* [PROBLEM TO WORK ON]: Write out only the tail of the records, beginning at the line containing "Carenagens Moto Kawasaki" and including the last line, exactly as written.

* [RECORDS TO PROCESS]:

╔══

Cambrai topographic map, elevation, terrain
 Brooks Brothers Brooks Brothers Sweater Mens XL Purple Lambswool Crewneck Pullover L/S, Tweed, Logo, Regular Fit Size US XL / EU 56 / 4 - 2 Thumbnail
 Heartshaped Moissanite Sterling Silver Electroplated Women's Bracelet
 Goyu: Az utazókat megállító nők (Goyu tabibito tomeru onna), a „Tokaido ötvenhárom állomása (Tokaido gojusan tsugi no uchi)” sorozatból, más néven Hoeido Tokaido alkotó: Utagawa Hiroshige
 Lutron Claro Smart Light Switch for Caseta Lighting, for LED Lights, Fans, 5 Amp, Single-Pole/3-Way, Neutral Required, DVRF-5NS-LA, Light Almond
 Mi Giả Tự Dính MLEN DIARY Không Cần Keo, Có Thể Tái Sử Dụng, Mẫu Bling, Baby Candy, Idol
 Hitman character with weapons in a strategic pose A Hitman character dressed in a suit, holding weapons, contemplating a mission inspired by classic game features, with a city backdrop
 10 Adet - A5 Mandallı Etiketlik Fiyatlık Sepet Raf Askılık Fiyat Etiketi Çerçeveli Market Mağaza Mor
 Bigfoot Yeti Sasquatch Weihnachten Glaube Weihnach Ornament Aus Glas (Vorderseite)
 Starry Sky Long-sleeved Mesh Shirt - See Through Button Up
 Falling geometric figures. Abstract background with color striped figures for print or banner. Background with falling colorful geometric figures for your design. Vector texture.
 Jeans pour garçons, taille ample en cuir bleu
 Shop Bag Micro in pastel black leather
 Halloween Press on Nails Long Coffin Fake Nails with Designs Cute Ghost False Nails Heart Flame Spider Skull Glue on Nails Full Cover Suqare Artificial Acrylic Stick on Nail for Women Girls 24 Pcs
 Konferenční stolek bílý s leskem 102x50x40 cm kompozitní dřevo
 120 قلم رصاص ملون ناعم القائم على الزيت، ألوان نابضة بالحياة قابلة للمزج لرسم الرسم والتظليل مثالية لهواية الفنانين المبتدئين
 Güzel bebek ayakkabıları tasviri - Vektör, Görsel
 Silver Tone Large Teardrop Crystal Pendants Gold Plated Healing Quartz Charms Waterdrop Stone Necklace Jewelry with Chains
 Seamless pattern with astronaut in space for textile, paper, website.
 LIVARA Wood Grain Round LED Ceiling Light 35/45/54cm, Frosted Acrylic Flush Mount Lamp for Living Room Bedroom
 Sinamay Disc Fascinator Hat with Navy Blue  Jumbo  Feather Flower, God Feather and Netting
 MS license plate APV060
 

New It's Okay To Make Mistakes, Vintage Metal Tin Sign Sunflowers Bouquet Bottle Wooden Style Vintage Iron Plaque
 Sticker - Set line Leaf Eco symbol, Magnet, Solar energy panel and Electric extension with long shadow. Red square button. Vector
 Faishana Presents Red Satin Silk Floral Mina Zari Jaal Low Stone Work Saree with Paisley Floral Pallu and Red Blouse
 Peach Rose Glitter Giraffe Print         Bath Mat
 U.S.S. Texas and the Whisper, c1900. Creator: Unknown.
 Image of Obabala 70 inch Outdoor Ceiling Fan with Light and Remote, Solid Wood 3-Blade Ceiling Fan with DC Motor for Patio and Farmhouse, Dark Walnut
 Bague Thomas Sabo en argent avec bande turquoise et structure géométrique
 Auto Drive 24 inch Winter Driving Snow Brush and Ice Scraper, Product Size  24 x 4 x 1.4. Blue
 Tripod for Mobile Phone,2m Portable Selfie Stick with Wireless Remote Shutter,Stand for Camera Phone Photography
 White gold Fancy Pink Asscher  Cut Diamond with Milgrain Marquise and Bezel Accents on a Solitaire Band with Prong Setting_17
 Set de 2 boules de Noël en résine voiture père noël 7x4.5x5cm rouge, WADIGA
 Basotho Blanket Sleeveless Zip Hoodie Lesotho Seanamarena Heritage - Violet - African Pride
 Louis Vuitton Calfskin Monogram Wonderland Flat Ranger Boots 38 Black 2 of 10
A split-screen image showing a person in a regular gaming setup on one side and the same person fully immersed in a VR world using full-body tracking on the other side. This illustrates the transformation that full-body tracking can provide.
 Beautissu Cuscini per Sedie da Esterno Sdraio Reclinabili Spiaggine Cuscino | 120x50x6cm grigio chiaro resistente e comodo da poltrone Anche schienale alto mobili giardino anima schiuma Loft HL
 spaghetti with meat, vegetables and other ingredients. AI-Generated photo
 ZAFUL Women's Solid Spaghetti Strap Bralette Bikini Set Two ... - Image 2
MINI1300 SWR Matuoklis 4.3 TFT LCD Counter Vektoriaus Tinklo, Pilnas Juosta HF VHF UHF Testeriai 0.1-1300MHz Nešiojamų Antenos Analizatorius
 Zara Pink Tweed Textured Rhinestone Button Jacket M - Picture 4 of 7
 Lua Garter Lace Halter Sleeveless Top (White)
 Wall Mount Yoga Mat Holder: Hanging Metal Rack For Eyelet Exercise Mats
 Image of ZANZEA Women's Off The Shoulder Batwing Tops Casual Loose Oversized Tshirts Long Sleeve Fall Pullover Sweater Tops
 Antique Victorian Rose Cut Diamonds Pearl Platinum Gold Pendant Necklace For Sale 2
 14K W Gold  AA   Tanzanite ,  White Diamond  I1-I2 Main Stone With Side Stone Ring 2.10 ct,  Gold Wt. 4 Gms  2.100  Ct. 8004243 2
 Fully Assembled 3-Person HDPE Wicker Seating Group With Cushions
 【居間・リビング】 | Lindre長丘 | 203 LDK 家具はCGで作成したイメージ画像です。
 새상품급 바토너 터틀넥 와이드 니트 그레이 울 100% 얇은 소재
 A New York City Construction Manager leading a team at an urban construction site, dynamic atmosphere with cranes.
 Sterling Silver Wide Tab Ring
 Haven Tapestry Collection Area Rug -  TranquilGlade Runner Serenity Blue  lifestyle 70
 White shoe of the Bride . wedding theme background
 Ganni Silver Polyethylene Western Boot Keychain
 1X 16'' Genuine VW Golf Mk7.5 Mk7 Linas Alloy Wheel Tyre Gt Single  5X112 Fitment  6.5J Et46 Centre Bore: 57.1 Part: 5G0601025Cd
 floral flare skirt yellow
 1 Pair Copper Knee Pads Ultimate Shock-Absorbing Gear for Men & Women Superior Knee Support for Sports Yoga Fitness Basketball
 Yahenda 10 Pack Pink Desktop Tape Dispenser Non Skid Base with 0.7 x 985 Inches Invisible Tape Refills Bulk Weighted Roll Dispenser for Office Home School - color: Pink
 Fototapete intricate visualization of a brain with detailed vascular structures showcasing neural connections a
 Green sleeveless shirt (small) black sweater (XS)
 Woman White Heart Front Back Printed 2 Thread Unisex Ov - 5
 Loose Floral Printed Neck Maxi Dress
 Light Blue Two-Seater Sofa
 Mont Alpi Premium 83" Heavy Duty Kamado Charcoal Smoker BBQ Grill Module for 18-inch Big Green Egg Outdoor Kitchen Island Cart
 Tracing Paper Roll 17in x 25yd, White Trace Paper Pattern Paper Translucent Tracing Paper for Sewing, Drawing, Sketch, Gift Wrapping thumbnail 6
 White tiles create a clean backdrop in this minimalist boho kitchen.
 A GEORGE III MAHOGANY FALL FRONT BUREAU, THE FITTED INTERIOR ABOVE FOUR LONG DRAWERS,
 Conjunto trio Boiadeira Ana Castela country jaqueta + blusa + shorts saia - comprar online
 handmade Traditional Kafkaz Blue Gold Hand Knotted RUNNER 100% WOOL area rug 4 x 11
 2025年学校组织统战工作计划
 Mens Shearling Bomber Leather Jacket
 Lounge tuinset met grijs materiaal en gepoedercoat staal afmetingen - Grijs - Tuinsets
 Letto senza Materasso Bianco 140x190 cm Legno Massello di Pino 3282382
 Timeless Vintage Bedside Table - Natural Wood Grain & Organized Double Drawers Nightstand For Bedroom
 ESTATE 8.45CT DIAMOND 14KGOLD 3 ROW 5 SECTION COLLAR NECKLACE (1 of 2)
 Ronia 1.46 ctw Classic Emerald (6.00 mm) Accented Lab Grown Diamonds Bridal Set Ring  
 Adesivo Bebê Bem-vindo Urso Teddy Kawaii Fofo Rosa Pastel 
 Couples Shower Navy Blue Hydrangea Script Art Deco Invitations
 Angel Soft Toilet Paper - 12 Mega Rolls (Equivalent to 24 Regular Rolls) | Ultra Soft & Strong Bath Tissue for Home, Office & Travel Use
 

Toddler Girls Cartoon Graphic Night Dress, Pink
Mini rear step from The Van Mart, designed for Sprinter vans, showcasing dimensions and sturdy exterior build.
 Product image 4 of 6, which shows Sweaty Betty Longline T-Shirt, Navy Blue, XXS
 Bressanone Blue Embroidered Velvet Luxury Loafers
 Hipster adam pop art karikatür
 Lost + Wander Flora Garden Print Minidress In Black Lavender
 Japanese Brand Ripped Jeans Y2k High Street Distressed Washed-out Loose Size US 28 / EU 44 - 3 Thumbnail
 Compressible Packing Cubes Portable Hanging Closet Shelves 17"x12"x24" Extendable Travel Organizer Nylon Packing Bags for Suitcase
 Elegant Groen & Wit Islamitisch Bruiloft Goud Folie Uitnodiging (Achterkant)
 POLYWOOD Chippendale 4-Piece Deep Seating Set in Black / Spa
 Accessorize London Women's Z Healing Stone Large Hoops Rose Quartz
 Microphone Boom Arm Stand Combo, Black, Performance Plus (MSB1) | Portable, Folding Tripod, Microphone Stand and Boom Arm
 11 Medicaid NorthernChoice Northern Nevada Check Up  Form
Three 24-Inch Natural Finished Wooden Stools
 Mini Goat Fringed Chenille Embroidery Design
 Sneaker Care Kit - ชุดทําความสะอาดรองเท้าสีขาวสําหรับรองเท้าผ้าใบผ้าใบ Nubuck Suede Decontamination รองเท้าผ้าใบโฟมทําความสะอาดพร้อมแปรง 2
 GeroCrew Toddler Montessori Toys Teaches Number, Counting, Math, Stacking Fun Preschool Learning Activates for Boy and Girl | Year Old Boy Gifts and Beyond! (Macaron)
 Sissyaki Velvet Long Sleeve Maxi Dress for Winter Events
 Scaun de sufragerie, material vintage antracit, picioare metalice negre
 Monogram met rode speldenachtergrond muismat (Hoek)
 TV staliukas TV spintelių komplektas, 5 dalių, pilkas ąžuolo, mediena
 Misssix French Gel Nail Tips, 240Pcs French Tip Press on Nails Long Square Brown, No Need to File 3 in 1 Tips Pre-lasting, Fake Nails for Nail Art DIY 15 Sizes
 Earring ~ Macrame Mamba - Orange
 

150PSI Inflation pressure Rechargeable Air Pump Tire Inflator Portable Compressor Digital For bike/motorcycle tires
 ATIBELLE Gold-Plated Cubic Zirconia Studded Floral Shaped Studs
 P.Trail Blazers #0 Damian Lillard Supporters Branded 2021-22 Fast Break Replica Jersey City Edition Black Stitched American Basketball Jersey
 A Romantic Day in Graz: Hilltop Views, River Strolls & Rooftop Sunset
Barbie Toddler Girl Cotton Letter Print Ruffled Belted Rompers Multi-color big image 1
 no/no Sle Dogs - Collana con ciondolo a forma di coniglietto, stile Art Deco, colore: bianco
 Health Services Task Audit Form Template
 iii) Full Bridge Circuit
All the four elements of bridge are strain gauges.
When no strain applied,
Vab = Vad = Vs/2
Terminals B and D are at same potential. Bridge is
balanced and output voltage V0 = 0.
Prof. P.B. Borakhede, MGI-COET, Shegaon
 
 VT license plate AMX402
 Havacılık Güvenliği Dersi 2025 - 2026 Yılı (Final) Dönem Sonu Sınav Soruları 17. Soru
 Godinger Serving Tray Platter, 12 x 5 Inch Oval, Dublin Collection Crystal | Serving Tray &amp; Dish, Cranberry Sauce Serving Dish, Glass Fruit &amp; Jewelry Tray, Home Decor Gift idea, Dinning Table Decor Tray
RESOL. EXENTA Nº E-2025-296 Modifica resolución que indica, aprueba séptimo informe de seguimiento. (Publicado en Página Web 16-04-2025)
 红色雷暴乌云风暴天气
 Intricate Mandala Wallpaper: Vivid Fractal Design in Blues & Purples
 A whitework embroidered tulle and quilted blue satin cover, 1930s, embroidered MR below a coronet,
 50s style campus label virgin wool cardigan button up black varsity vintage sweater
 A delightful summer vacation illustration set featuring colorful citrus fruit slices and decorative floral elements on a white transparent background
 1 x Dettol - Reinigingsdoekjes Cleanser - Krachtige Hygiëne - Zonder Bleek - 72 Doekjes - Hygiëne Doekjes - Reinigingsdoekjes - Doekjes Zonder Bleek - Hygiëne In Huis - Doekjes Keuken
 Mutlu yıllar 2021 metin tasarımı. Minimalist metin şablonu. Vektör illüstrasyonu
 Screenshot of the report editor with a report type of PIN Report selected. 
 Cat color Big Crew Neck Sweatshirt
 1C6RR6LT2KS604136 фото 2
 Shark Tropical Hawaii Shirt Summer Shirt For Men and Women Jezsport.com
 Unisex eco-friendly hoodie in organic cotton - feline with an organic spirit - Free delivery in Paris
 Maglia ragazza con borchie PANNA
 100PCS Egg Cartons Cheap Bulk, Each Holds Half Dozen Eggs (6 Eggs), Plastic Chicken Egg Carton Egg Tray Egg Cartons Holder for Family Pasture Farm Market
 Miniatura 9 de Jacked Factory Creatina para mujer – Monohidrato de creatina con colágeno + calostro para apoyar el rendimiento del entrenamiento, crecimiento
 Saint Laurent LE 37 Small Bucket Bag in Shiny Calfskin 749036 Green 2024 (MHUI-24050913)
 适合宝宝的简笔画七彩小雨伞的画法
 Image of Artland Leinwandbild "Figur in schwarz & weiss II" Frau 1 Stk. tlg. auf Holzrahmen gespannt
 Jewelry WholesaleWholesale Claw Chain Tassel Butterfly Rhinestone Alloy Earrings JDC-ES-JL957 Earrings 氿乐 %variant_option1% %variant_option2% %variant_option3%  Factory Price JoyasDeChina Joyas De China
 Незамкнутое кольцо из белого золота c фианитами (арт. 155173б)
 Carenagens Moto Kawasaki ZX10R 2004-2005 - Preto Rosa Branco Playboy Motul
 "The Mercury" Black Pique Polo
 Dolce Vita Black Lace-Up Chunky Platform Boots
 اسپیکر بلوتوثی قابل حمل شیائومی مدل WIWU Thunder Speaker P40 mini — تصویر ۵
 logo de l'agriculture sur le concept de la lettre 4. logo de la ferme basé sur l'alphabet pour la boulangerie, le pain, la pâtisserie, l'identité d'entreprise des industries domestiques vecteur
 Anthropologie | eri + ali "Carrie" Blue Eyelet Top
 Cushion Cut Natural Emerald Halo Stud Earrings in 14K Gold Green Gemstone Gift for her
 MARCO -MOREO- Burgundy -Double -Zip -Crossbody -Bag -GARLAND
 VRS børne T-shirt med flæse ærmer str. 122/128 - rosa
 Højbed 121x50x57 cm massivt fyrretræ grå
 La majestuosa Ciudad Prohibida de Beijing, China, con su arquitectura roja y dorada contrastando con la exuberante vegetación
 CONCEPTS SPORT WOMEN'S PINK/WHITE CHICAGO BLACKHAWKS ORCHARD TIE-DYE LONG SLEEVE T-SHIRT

╚══

* [ANSWER BELOW]:
 Carenagens Moto Kawasaki ZX10R 2004-2005 - Preto Rosa Branco Playboy Motul
 "The Mercury" Black Pique Polo
 Dolce Vita Black Lace-Up Chunky Platform Boots
 اسپیکر بلوتوثی قابل حمل شیائومی مدل WIWU Thunder Speaker P40 mini — تصویر ۵
 logo de l'agriculture sur le concept de la lettre 4. logo de la ferme basé sur l'alphabet pour la boulangerie, le pain, la pâtisserie, l'identité d'entreprise des industries domestiques vecteur
 Anthropologie | eri + ali "Carrie" Blue Eyelet Top
 Cushion Cut Natural Emerald Halo Stud Earrings in 14K Gold Green Gemstone Gift for her
 MARCO -MOREO- Burgundy -Double -Zip -Crossbody -Bag -GARLAND
 VRS børne T-shirt med flæse ærmer str. 122/128 - rosa
 Højbed 121x50x57 cm massivt fyrretræ grå
 La majestuosa Ciudad Prohibida de Beijing, China, con su arquitectura roja y dorada contrastando con la exuberante vegetación
 CONCEPTS SPORT WOMEN'S PINK/WHITE CHICAGO BLACKHAWKS ORCHARD TIE-DYE LONG SLEEVE T-SHIRT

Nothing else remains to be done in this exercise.